Last year, China surpassed Germany for the first time to become the world's second-largest exporter of automobiles after Japan. Among them, new energy vehicles (BEV and PHEV) reached 1.06 million units, nearly doubling from 2021, leaving behind other countries' export volumes and further consolidating its dominant position in the EV era. As we all know, protectionism in the US automobile industry has been rising in recent years. From critical raw materials to components, such as triad (battery, electric control, motor) technologies and high-end chips, emphasis has been placed on the development of local US industries, forming immense obstacles to the EV trade between countries. The ability of Chinese self-owned brands to break through trade barriers and achieve annual exports of over one million units in the early stages of the EV era is not solely due to their low prices but rather several crucial factors behind it...
- Advanced triad technologies: Chinese car brands have quietly surpassed traditional German, Japanese, and US car manufacturers in battery technology, in-vehicle infotainment system integration, and mature ADAS level 2+ practicality over the past few years. They have also accumulated decades of experience operating joint ventures with international brands. This combination of hard and soft power has enabled Chinese car brands to come out on top.
- Complete and stable supply chain: Aside from human factors such as "lockdowns" due to pandemics, no country has been able to develop a solid supply chain for raw materials and components like China has. China's current lithium-ion battery production capacity accounts for more than half of the global total. Critical raw materials such as lithium, cobalt, and nickel are either mined locally or sourced from related areas (such as cobalt from the Democratic Republic of the Congo). In addition, traditional component suppliers have mature technology and experience working with joint venture brands and a cost advantage due to their large production volume and the rapid amortization of development investment costs.
- Early start in global layout strategy: Chinese car brands have already begun to lay out their market strategy in developing countries such as Southeast Asia and Central and South America, as well as in advanced markets such as Europe and Japan (the US market has begun to block Chinese brands). Especially in Western Europe, several Chinese car manufacturers have set up headquarters and sales outlets in the region two to three years ago. Some have even started building vehicle assembly plants in Eastern Europe with lower operating costs to facilitate long-term market expansion plans.

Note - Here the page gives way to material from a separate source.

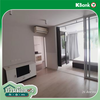 listing thumbnail image 22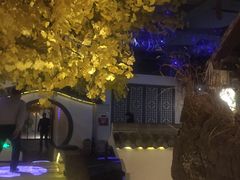 -淀里船宴(裕华东路店)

The fact that Chinese brands exported over a million EV units last year is just the beginning. As charging infrastructure continues to develop in developing regions globally, EV sales will rapidly grow due to the introduction of Chinese brands. I believe that the driving force for EV growth in the next few years, apart from the United States, will be Southeast Asia, India, and other regions, where China will play a crucial role. However, the final push will be to truly convince European consumers to switch from buying EVs from the US, Germany, France, and Italy to Chinese-made products that have relatively lacked quality and reliability. Even Japanese automakers have yet to truly capture European consumers’ hearts. Perhaps this tipping point will take a few more years to arrive!